移動通信の世代の移行については、2021年には北米と西欧ではスマートフォン契約数の90%以上がLTE(一部は5G)になるとみられている。これに関しては地域の差が大きく、中東やアフリカでは、2Gと3Gが占める割合の方が圧倒的に大きい。
藤岡氏は、キャリアにとって新しいビジネスの手段になり得る技術として「マイクロウェザー」を紹介した。バックホールなどに使われているマイクロ波回線を利用して、高精度に雨量を測定するというものだ。
藤岡氏は「マイクロ波は雨によって減衰する性質があり、減衰量は、おおむね雨量に比例する。これを利用すれば、雨量を高精度に測定できる」と説明する。雨量を計測する手段としては、雨量計や気象レーダーを用いる方法があるが、どちらも5〜15分ごとに広範囲でしか測定していない。マイクロ波を利用することで、10秒〜1分単位でより局地的に雨量を計測できるとする。

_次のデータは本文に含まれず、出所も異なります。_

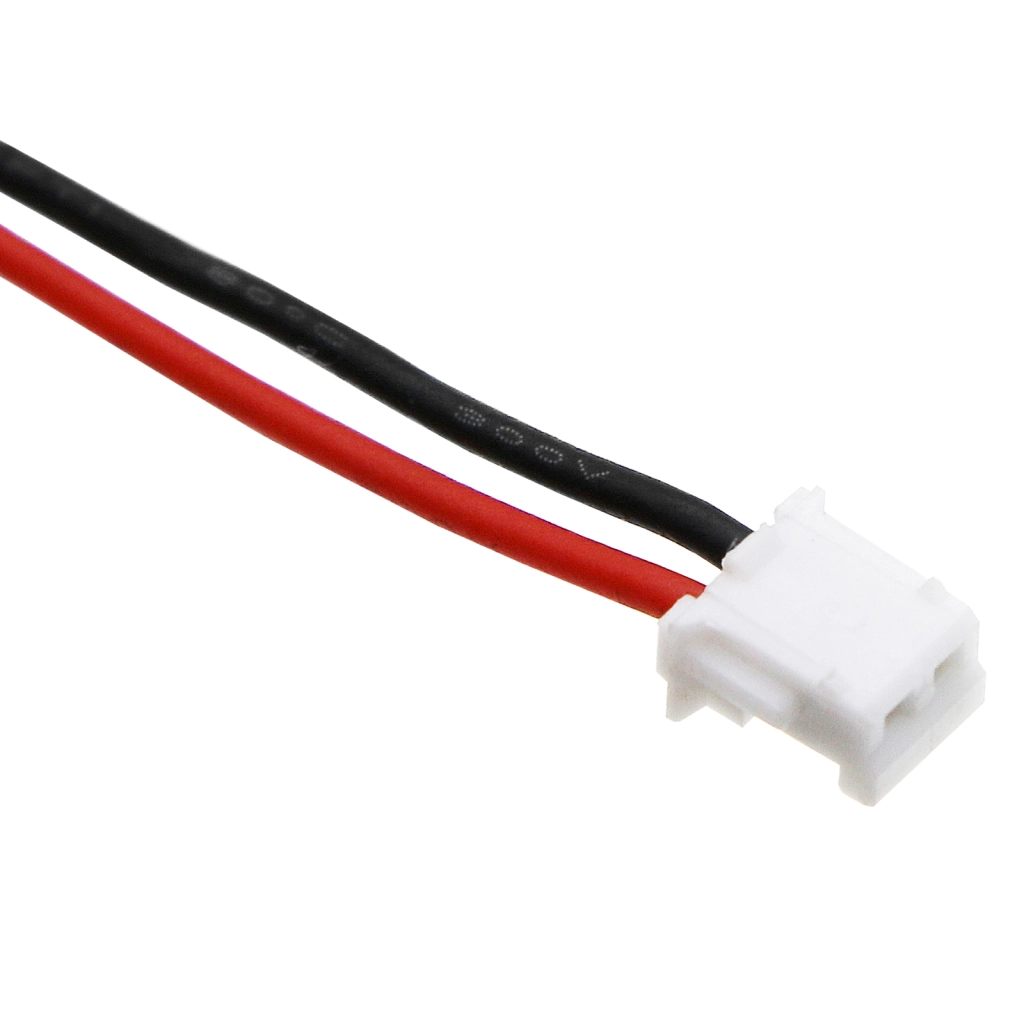 Batteria del collare del cane SportDog SD-425 transmitters (CS-SD425SL)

ただし、日本ではバックホールに光ファイバーが使われているので、「残念ながら日本で展開できるビジネスではない」(藤岡氏)という。なお、Ericssonは、スウェーデンのキャリアであるHi3G Accessおよびスウェーデン気象水理研究所(Swedish Meteorological and Hydrological Institute:SMHI)と共同で、マイクロウェザーの実証実験を8カ月にわたり行い、マイクロ波ネットワークで雨量が計測できることを示した。